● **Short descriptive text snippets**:
··········

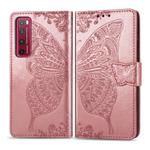 For Huawei Nova 7 Pro Butterfly Love Flower Embossed Horizontal Flip Leather Case with Bracket / Card Slot / Wallet / Lanyard(Rose Gold)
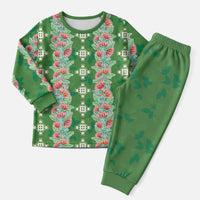 Hawaii Ohia Lehua Christmas Pajama Set Tropical Vibes Green LT05 Men Green - Polynesian Pride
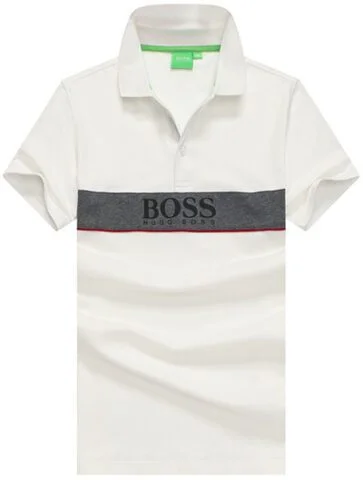 בוס-HUGO BOSS POLO TSHIRT MEN'S - White & Gray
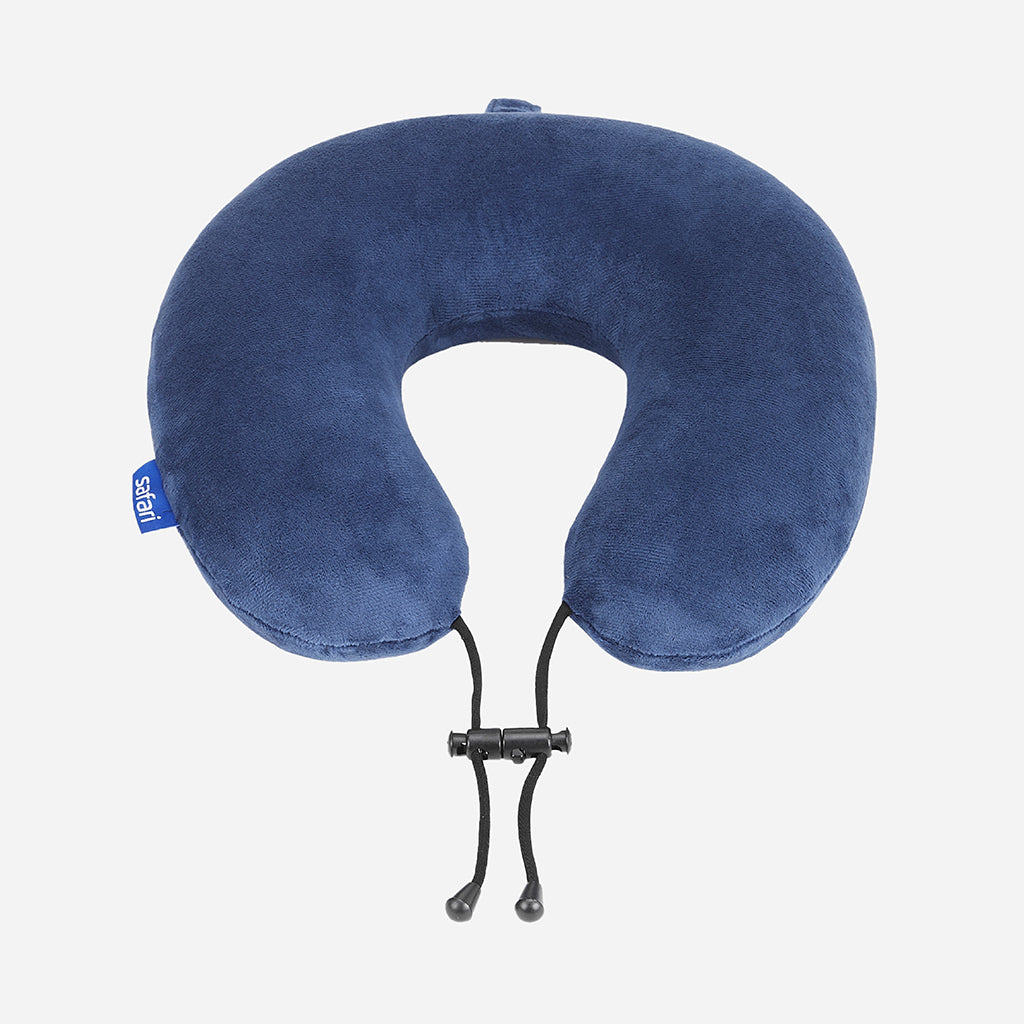 Flo Secure Hard Luggage and Basic Neck Pillow Combo - Blue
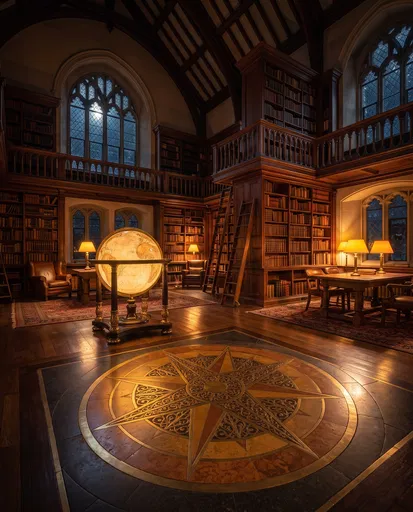 Old World Library With Illuminated Globe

··········

● **Work to complete**: Write out, word for word, only the lines from the one containing "Flo Secure Hard" to the end of the data above; the pictures stay out.

● **Answer to this exercise**:
 Flo Secure Hard Luggage and Basic Neck Pillow Combo - Blue
 Old World Library With Illuminated Globe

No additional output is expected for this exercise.